Progress in inherently interpretable simulatable models has been steep: from Prototypic Neural Networks to Explainable Boosting Machines, there are currently many types of inherently interpretable models that achieve state-of-the-art performance on a wide range of problems. It is often believed that it is necessary to sacrifice the interpretability of an algorithm for accuracy and performance (aka the accuracy-interpretability trade-off). However, this is a common misconception in the AI industry and the existence of an accuracy-interpretability trade-off has not been proven.

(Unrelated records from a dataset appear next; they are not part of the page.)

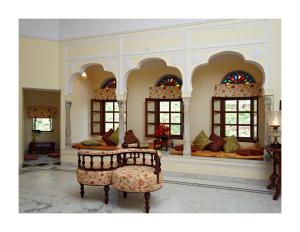 a room with two beds in a room with windows at Patan Mahal in Pātan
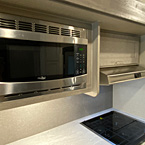 Stainless Steel Microwave Shown Overhead Next to Cabinet.
 May Show Optional Features. Features and Options Subject to Change Without Notice.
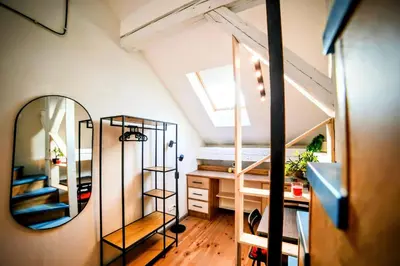 a small attic bedroom with a mirror and a desk at Old Port Riverside Lofts in City Center in Belgrade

Especially for datasets with meaningful features, modern simulatable models may even outperform popular types of non-simulatable models such as random forests. Apart from high accuracy, inherently interpretable simulatable offer:
 

  • absolute transparency: management, regulatory entities and users can fully understand the decision-making process
  • ease to troubleshoot, fix and improve: developers and domain experts can iteratively increase model quality before deployment

Related research articles

[1] Goodman, Bryce, and Seth Flaxman. "European Union regulations on algorithmic decision-
making and a “right to explanation”." AI magazine 38.3 (2017): 50-57.
[2] Slack, Dylan, et al. "Fooling lime and shap: Adversarial attacks on post hoc explanation methods." Proceedings of the AAAI/ACM Conference on AI, Ethics, and Society. 2020
[3] Wachter, Sandra, Brent Mittelstadt, and Chris Russell. "Counterfactual explanations without opening the black box: Automated decisions and the GDPR." Harv. JL & Tech. 31 (2017): 841.
[4] Rudin, Cynthia. "Stop explaining black box machine learning models for high stakes decisions and use interpretable models instead." Nature Machine Intelligence 1.5 (2019): 206-215.
[5] Caruana, Rich, et al. "Intelligible models for healthcare: Predicting pneumonia risk and hospital 30-day readmission." Proceedings of the 21th ACM SIGKDD international conference on knowledge discovery and data mining. 2015.